Nice one -- I wish they woulda slammed the LinkSys WRT54GL price, say
> by making the thing only have one ethernet port.
> It'd be nice to see bluetooth DUN in these things, and prices more
> like $20-$30... then lots of devices could roam & sync.
>
Except it is supposed to be a router, and the BCM5354 has the switch
fabric built in, so you save maybe $1-$2 in BOM at most by going to 1
port and reduce the utility greatly. The single most expensive
component is probably the wifi chipset. Those typically run >$10 in
cost to the manufacturer. There are a handful of parts that MIGHT be
able to hit the price point you suggest, but there would be basically no
profit in it for the manufacturer, nor any room for customization and
hackability using linux.
-Mike
The object-oriented model makes it easy to build up programs by
accretion. What this often means, in practice, is that it provides a
structured way to write spaghetti code. --- Paul Graham
On Tue, 2008-07-01 at 10:45 -0700, Ben Barrett wrote:
> This suggests so, yes:
> http://www.myopenrouter.com/forum/thread/10114/NETGEAR-and-Tomato-Firmware/?highlight=broadcom
> Nice one -- I wish they woulda slammed the LinkSys WRT54GL price, say
> by making the thing only have one ethernet port.
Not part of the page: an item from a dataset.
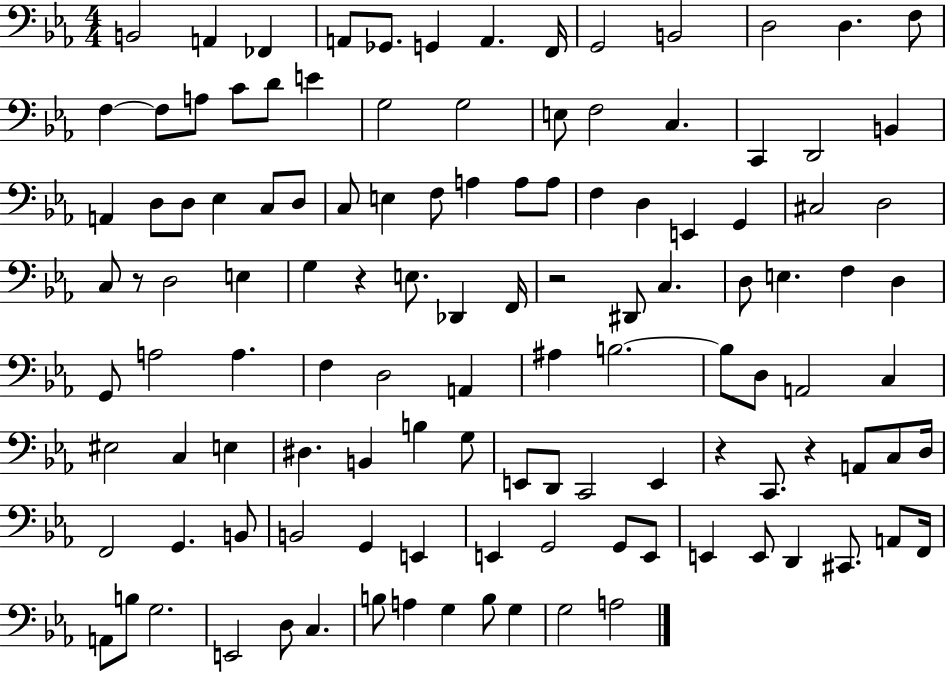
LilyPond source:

> It'd be nice to see bluetooth DUN in these things, and prices more
> like $20-$30... then lots of devices could roam & sync.
>
> ~ben
>
>
> On Tue, Jul 1, 2008 at 10:32 AM, Bob Miller <[EMAIL PROTECTED]> wrote:
> > Anyone know what chip this uses? Is it a Broadcom?
> >
> > larry price wrote:
> >
> >> http://www.myopenrouter.com/
> >>
> >> supports tomato and dd-wrt
> >>
> >> it's good to see something being marketed as hackable.